In the sixth chapter of this book, Wolf discusses one of the more significant consequences of the beauty myth: the relationship between mass consumer culture, commodified beauty, the cult of thinness, and serious psychological ailments like anorexia and bulimia. Wolf also provides historic parallels between psychological conditions from the Victorian era and the late 20th century. In her view, these issues stem from the oppression of women.
Wolf argues that “[u]p to one tenth of all young American women, up to one fifth of women students in the United States, are locked into one-woman hunger camps” (180). She argues that the statistics about anorexia death rates are not reliable, but it is one of the most damaging mental illnesses linked to toxic mass culture. The problem goes beyond anorexia because 60% of women have issues with food, and 25% of them are on diets (180).

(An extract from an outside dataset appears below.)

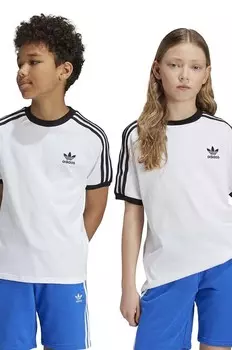 Детская хлопковая футболка adidas Originals 3STRIPES TEE, белый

The author blames the beauty myth and its Iron Maiden concept for this statistic. She finds parallels between obtaining the right to vote for women around 1920 and the beginning of dieting and thinness. The author also believes it is no coincidence that the ultra-thin 1960s model Twiggy, considered radical at the time, appeared when the contraceptive pill became available in the US. In each case, the advancement of women’s rights came with an attempt to control women by elevating thinness as the ideal.
She also briefly reviews the history of Western painting, arguing that at one point or another, various female body parts were considered beautiful when ample. For example, “ripe bellies” were preferable in the 15th to the 17th centuries and large shoulders were idealized in the 19th century. Therefore, the proliferation of images featuring slender models in the 20th century shows the cultural relativism of women’s bodily ideals.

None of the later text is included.